Rashawn Griffin (2015, Spring)
Rashawn Griffin was born in Los Angeles and is now based out of New York City. He;
received his undergraduate degree from the Maryland Institute College of Art and his
MFA from Yale University. The artist’s eclectic artworks have been exhibited in more
than 40 venues in the past eight years. These include the Whitney Biennial in 2008,
as well as solo shows at Gasser and Grunert Gallery in New York and multiple solo
and group exhibitions in Germany. Other group exhibitions include the Studio Museum
in Harlem, Marianne Boesky Gallery in New York, and the Queens Museum of Art also
in New York – plus galleries in Miami and Detroit. There have been international exhibitions
in Switzerland, France, Denmark and China.

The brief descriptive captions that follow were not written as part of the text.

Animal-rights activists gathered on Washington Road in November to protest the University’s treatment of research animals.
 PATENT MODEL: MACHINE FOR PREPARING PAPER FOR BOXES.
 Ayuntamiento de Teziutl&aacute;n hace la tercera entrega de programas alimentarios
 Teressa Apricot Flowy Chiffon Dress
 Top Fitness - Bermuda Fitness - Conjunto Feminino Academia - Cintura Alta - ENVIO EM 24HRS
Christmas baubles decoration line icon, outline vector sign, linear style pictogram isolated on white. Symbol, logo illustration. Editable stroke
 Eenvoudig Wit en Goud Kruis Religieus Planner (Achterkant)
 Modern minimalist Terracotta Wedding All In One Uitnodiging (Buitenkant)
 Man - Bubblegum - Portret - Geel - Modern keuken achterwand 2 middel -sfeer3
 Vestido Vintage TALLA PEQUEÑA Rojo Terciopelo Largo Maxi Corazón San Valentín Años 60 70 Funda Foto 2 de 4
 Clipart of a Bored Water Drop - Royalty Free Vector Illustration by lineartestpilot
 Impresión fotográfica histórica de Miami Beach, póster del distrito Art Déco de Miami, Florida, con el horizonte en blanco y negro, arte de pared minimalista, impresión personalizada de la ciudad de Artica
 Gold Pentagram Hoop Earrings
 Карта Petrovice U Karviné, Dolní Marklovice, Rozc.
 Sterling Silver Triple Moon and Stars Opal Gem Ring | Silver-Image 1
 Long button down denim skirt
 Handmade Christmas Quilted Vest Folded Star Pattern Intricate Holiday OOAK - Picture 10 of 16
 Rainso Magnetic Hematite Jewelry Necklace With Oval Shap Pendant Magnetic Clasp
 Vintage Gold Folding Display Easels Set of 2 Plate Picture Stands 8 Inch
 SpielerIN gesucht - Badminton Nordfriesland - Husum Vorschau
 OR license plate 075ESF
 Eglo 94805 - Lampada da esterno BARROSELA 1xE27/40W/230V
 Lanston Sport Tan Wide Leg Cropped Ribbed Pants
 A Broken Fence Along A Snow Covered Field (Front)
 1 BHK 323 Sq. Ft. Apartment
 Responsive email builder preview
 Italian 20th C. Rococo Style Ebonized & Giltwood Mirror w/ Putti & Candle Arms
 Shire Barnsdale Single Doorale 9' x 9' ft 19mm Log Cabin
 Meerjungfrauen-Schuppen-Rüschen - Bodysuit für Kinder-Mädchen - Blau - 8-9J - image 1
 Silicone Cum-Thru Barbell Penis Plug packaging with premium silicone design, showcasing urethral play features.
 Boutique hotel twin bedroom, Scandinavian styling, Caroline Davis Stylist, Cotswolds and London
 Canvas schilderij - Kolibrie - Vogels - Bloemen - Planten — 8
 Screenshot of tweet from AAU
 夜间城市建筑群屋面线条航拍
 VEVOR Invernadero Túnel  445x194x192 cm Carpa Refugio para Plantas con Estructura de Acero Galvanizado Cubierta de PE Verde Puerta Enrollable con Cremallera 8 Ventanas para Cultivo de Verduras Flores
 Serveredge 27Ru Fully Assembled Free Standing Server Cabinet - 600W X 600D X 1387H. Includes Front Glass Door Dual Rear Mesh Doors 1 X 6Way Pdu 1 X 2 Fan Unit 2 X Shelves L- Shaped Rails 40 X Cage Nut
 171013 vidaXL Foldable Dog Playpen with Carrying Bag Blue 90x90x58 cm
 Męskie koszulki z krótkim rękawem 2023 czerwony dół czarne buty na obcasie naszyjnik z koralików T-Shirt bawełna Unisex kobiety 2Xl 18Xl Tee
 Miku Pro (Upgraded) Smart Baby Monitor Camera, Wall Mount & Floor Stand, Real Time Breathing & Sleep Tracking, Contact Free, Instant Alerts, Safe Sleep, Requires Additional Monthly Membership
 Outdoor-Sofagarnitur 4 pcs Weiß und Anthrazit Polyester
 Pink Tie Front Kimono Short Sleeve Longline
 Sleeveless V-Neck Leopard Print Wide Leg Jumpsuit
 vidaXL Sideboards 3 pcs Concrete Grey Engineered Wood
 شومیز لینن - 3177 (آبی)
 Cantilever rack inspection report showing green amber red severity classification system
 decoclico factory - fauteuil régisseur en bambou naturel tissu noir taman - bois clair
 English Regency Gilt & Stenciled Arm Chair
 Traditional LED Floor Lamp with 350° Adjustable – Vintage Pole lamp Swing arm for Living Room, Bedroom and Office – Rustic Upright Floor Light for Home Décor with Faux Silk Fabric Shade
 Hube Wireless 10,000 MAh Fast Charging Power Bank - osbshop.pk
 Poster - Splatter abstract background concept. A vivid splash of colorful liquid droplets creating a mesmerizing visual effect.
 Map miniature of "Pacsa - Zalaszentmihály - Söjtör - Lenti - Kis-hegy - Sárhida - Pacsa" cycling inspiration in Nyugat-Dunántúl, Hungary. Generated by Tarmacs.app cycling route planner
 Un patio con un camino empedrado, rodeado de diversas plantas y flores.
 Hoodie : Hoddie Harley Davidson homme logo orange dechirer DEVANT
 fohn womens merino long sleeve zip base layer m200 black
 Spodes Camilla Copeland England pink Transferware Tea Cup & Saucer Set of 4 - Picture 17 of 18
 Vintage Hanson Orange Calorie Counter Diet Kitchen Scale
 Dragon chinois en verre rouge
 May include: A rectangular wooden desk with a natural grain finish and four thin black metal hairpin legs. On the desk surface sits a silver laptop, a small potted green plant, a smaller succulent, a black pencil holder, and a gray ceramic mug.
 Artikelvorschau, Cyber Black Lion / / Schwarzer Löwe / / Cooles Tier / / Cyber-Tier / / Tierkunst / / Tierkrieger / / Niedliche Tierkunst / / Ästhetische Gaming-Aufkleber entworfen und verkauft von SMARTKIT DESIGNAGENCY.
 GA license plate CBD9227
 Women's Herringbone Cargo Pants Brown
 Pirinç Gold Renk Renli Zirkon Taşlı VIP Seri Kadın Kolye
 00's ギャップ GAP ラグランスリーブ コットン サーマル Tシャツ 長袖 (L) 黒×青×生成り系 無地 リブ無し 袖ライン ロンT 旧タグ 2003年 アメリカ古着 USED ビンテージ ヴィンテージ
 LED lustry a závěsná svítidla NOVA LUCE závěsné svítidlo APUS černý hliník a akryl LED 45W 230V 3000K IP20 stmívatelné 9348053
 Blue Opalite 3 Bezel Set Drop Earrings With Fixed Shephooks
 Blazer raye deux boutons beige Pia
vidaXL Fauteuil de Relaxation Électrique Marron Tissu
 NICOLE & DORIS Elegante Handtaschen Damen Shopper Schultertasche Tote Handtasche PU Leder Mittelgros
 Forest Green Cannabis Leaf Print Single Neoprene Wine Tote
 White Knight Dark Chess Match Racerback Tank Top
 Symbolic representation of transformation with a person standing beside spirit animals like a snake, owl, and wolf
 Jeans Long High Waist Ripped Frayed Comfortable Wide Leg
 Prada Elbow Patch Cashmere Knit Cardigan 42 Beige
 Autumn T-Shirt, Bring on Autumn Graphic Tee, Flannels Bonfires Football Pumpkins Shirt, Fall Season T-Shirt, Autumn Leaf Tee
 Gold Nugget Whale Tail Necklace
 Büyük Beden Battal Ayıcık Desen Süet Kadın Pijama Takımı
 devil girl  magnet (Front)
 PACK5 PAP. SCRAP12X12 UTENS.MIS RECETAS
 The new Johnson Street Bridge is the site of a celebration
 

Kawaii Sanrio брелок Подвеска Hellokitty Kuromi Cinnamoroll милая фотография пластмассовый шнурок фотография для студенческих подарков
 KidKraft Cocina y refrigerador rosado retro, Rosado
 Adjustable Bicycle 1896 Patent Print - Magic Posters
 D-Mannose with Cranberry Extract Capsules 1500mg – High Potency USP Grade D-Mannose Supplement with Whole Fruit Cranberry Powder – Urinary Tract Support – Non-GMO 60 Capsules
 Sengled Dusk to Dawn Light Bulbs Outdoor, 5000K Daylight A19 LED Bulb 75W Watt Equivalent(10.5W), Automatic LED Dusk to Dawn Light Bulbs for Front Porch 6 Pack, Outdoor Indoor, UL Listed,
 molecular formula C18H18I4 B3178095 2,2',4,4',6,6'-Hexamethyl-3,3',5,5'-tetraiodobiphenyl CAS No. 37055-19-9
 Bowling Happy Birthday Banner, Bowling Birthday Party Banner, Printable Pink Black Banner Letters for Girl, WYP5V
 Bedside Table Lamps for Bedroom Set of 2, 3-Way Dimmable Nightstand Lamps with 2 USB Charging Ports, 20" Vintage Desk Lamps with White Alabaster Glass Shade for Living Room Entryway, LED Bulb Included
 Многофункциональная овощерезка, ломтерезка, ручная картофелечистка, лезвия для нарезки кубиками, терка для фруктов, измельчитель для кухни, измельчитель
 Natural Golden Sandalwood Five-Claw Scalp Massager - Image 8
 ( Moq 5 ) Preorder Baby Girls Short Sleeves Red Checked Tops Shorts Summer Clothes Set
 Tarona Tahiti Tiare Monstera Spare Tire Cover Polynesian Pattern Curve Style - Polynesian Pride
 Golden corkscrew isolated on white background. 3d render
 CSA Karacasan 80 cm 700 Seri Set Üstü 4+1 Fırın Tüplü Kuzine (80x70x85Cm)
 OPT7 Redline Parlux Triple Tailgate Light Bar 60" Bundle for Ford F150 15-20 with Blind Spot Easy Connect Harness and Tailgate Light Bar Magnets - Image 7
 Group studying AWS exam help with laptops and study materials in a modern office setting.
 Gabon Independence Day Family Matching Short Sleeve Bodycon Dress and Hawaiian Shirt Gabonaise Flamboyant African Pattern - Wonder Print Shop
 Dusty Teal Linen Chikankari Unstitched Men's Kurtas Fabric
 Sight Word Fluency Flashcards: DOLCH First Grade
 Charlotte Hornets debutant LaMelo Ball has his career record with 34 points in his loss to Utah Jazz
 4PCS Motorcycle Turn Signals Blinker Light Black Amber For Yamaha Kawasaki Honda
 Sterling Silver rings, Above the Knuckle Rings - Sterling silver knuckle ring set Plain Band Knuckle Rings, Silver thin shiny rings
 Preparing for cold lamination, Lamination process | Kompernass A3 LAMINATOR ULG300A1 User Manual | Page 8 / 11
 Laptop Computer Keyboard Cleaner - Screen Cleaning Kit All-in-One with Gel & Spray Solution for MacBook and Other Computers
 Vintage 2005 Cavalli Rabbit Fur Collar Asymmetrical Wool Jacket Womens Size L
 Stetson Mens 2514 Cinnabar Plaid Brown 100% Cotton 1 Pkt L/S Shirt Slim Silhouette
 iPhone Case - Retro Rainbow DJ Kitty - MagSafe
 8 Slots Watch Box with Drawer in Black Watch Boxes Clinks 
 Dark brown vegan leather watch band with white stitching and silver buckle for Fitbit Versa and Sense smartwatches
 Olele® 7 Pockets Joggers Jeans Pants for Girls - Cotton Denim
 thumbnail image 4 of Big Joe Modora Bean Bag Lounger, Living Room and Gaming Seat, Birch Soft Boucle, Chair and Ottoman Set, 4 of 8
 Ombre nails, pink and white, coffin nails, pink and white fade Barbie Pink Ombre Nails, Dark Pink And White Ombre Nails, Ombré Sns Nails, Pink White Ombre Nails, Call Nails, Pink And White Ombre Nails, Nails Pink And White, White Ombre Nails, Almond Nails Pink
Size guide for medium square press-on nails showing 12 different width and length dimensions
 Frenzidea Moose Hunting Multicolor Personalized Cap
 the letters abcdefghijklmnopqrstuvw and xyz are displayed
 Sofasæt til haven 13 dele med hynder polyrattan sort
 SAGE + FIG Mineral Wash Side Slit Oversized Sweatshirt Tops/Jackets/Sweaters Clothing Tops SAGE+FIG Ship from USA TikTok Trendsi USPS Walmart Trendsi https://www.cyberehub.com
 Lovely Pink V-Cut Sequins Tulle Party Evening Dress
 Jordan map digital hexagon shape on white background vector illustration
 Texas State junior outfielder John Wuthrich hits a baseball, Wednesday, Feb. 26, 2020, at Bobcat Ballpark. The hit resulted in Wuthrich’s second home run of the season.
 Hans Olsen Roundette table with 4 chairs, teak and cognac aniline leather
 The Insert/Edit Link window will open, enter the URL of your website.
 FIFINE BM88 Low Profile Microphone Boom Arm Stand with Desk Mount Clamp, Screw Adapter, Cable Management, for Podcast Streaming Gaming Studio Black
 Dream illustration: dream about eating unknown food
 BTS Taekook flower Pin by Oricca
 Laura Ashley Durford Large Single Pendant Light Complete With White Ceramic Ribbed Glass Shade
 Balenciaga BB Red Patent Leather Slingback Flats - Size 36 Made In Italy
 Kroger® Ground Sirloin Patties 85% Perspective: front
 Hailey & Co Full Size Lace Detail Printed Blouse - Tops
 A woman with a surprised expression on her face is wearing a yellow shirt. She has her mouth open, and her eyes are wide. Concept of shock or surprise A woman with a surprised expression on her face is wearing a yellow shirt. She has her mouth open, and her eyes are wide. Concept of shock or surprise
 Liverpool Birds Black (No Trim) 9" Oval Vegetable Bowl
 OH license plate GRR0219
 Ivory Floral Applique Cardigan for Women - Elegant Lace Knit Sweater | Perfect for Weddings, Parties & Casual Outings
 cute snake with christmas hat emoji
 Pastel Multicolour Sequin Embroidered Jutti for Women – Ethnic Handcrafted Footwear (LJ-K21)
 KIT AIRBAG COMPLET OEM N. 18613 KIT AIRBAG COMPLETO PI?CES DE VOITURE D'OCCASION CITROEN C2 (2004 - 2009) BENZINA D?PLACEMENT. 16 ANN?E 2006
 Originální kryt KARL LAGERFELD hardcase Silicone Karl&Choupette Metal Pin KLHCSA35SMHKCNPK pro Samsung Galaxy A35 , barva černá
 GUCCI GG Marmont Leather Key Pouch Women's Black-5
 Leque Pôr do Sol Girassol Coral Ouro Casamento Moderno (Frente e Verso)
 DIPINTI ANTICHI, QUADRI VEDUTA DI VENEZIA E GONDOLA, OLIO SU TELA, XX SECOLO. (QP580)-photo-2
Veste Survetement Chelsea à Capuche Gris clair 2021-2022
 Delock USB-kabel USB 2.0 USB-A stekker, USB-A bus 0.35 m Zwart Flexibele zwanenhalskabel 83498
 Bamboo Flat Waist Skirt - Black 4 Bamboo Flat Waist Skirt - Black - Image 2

The exhibitions and works have been critically reviewed or otherwise written about
in the New York Times, the Wall Street Journal, the Frieze art journal, Art Review,
Art in America and Saatchi Gallery online. His artwork has been acquired for the permanent
collection by the Saatchi Gallery in London. In 2007, Rashawn Griffin was the recipient
of the prestigious Joan Mitchell Foundation Grant for Painting and Sculpture and was
a Fellow at the MacDowell Colony in 2006.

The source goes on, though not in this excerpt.